When this exception gets thrown, you would prefer to let the user continue on while also maybe displaying a relevant message/warning? Because when this exception gets thrown, we can already know if the current user is authenticated--we have access to the request.
当抛出此异常时,您希望让用户继续操作,同时也可能显示相关消息/警告?因为当这个异常被抛出时,我们已经可以知道当前用户是否通过了身份验证——我们可以访问请求。
So, why wouldn't this be acceptable?
那么,为什么不能接受呢?
[HttpPost]
[AllowAnonymous]
[ValidateAntiForgeryToken]
public ActionResult Login(LoginModel model, string returnUrl)
{
...
}
/// <summary>
/// Handle HttpAntiForgeryException and redirect if user is already authenticated
/// </summary>
/// <param name="filterContext"></param>
/// <remarks>
/// See: http://stackoverflow.com/questions/19096723/login-request-validation-token-issue
/// </remarks>
protected override void OnException(ExceptionContext filterContext)
{
base.OnException(filterContext);
var action = filterContext.RequestContext.RouteData.Values["action"] as string;
var controller = filterContext.RequestContext.RouteData.Values["controller"] as string;
if ((filterContext.Exception is HttpAntiForgeryException) &&
action == "Login" &&
controller == "MyController" &&
filterContext.RequestContext.HttpContext.User != null &&
filterContext.RequestContext.HttpContext.User.Identity.IsAuthenticated)
{
LogManager.GetCurrentClassLogger().Warn(
"Handled AntiForgery exception because user is already Authenticated: " +
filterContext.Exception.Message, filterContext.Exception);
filterContext.ExceptionHandled = true;
// redirect/show error/whatever?
filterContext.Result = new RedirectResult("/warning");
}
}
Am I missing something obvious here? I'll remove this answer if it has some implication I'm not seeing.

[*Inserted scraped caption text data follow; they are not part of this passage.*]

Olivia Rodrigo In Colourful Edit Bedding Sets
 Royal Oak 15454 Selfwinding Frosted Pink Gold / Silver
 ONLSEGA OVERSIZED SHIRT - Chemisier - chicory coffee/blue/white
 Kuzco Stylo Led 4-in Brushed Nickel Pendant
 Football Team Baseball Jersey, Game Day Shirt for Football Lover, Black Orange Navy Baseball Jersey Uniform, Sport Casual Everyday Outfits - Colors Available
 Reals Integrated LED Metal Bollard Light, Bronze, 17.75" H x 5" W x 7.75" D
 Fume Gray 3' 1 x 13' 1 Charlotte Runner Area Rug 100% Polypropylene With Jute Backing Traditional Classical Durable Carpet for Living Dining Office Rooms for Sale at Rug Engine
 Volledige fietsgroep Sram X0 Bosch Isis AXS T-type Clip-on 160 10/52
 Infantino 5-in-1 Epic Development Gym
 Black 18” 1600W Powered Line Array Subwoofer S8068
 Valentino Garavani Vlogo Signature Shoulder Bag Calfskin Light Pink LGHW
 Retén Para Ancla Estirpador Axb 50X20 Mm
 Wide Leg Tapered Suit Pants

我在这里遗漏了一些明显的东西吗?如果这个答案有一些我没有看到的暗示,我会删除它。
回答by MVCdragon
I had the same issue, I solved it by adding machineKey to system.web>
我遇到了同样的问题,我通过将 machineKey 添加到 system.web> 解决了它
<machineKey validationKey="your machine key numbers"
decryptionKey="Your description key nuumbers" validation="SHA1" decryption="AES" />
Here's a site that generate unique Machnie Keys http://www.developerfusion.com/tools/generatemachinekey/
这是一个生成唯一 Machnie 密钥的站点 http://www.developerfusion.com/tools/generatemachinekey/
Works great, I understand that Anti Forgery may not be needed in a Login page, but if someone is determined to hack you site, it comforting to know that [ValidateAntiForgeryToken] is there to thwart them off.
效果很好,我知道在登录页面中可能不需要 Anti Forgery,但如果有人决心入侵您的网站,知道 [ValidateAntiForgeryToken] 可以阻止他们,这令人欣慰。